Thursday, December 31, 2015

Should a Christian Make New Year’s Resolutions?

There seems to be 3 reasons why some say Christians should not make New Year’s resolutions:

1. They are unbiblical. You don’t see this practice prescribed in God’s Word.
2. They are worldly. This is a common practice of an unbelieving world, selfishly trying to make themselves better apart from God & His divine help.
3. They are rarely kept. Christians should follow thru on their goals.

It’s easy to read these 3 reasons and then piously add New Year’s resolutions to our list of things not to do. But are the reasons above legitimate? Should they keep a person from making resolutions?

The short answer is no.

New Year’s resolutions are not unbiblical. Scripture doesn’t speak on the subject. We need to be careful not to make hard and fast rules where the Bible does not. Where God prescribes specific actions, we must obey. Where there are obvious principles, we must practice them. But where God is silent, we cannot put words in His mouth.

New Year’s resolutions are not inherently worldly. While non-Christians may make selfish resolutions that are kept by their own strength, this doesn’t need to be the case for the Christian. Resolutions can be motivated by a desire for God to be glorified and an understanding that we are incapable of keeping them apart from God’s gracious power.

The third reason listed is entirely TRUE, but is NOT a reason against resolutions. It is faulty logic to say that because resolutions are rarely kept perfectly, Christians cannot make them. If this were true, than we should not be aiming for Christlikeness as we will never attain this perfectly. No, our aim should be the bullseye (complete Christlikeness), knowing full well that we will often miss the mark. If we set our standards lower, we are not following Jesus but rather a version of Him that we’ve created in our own minds. Yes, Christians must follow thru on our goals, but to never miss a goal means that you’re probably sitting on the bench, rather than playing as if to win.

So if there is nothing wrong with making resolutions, the question becomes: Is it good to make resolutions and if so, what should my resolutions be?

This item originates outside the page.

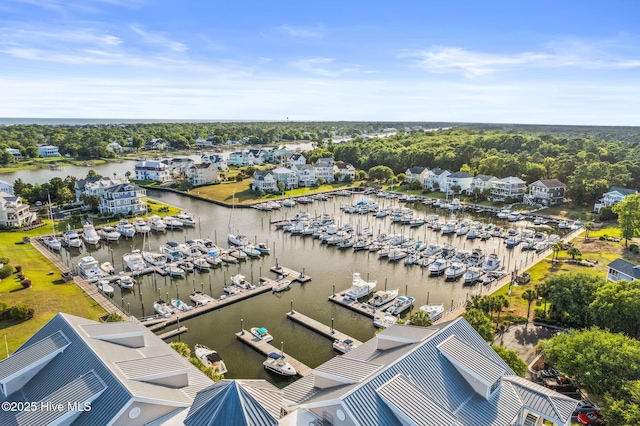 drone / aerial view featuring a water view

I believe making resolutions is a good idea. In fact, we should be making them all the time. Following Christ on the road of life is an every day, moment by moment decision. We didn’t (or shouldn’t have) hit cruise control when Jesus saved us. We should constantly be driving in the direction that He is leading us, while making needed adjustments (resolutions) in our steering as we start to get off course. But when we plow into another person or we drive into a ditch, it is helpful to have a clear demarcation of recommitting ourselves to following Jesus in specific ways that we’ve been neglecting.

What then should our resolutions be? The first thing to do is to ask God. He knows where you’ve gotten off course better than you. If it’s been awhile since you talked to God, your first resolution should be to become a person of prayer. I’ve heard it said and wholeheartedly agree that “Prayerlessness is a declaration of independence”. We must be people dependent upon God’s Holy Spirit working in us and on our behalf.

After asking God (and listening), take a look at what our Christian brother, Jonathan Edwards resolved to do.[1] You can find a link to an excellent article on what His resolutions were at the bottom of this post.

The basic principle for what we should resolve to do is to do what God tells us to do, for this brings Him glory. For instance, the Apostle Paul tells us “Do not conform to the pattern of this world, but be transformed by the renewing of your mind. Then you will be able to test and approve what God's will is--his good, pleasing and perfect will.”[2] We should resolve to not be conformed to this world but transformed into Christlikeness. If you recognize this is an area of failure, describe how you will practically do this and then resolve to do it. Repeat as necessary.

Conclusion: Our problem isn’t that we are too disciplined in our Christianity, it’s that we are not disciplined enough. Use New Year’s resolutions as an opportunity to be more faithful as a disciple-making disciple of Jesus, recognizing that it’s only by being dependent upon Him that your resolutions will ever be realized.